Host institution: University of Grenoble Alpes (UGA) drawing drawing

Supervisors:

main supervisor: Michel Campillo (ISTerre, UGA, F)
co-supervisors: Helle Pedersen (ISTerre, UGA, F)
  Florent Brenguier (ISTerre, UGA, F)
external collaboration: Heiner Igel (LMU, D)

Application deadline: application closed Earliest possible starting date: September 1st, 2021

General information

This PhD position is one of the 15 Early Stage Researcher (ESR) positions within the SPIN project. SPIN is an Innovative Training Network (ITN) funded by the European Commission under the Horizon 2020 Marie Sklodowska-Curie Action (MSCA).

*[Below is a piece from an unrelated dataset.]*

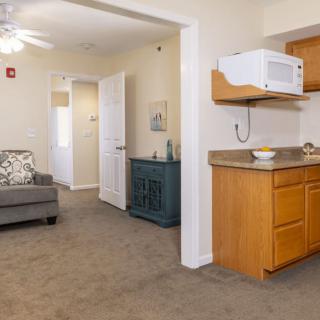 A cozy apartment interior featuring a small kitchen area with a microwave and a comfortable living room with a sofa.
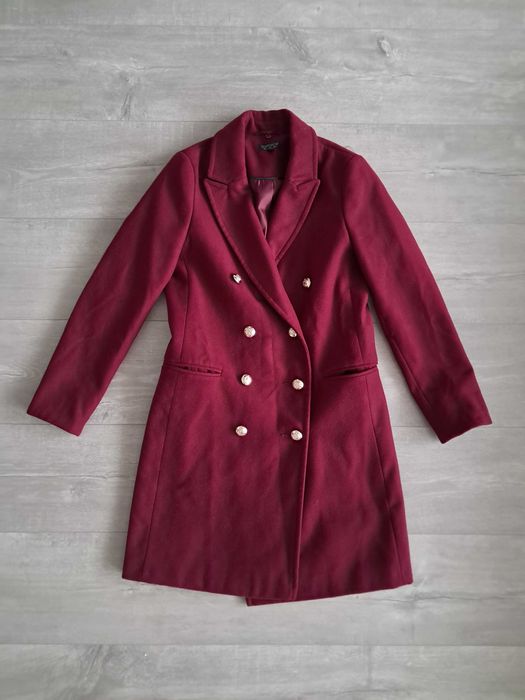 Burgundowy plaszcz TopShop 36 S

SPIN will focus on training 15 PhD candidates in emerging measurement technologies in seismology. We will research the design of monitoring systems for precursory changes in material properties, all while optimizing observation strategies. The unique interdisciplinary and inter-sectoral network will enable PhDs to gain international expertise at excellent research institutions, with a meaningful exposure of each PhD to other disciplines and sectors, thus going far beyond the education at a single PhD programme.

Project description

This PhD project capitalises on the progress that has allowed the emergence of new observables in seismology (rotation sensors, advanced array processing, Distributed Acoustic Sensing,…). The goal is to evaluate the possibilities offered by wave field gradient measurements in addition to traditional local measurements for monitoring temporal variations of elastic properties (mean velocities, structural changes) in the Earth’s crust. The field of application will focus on a volcanic area where such changes are already reported but not precisely characterized. The study will start with a test phase to adapt the method on realistic numerical simulations in media with high scattering and attenuation. Different strategies and observables will be tested to evaluate their ability to image changes in the environment associated with for example localized velocity changes or appearance of filled cracks. The method will next be applied to field data with a noise based monitoring approach. The processing of the field data will include a stage of characterization and classification of the ambient wavefield. The subsequent imaging will rely on inversion kernels for scattered waves based on a model of coupling of surface and body waves. The work is based at ISTerre, Grenoble (France), with collaboration with LMU, Munich (Germany).

The project will be carried out in a highly collaborative environment, and within one of the leading organisations in the world in the field of seismic imaging and monitoring using seismic noise.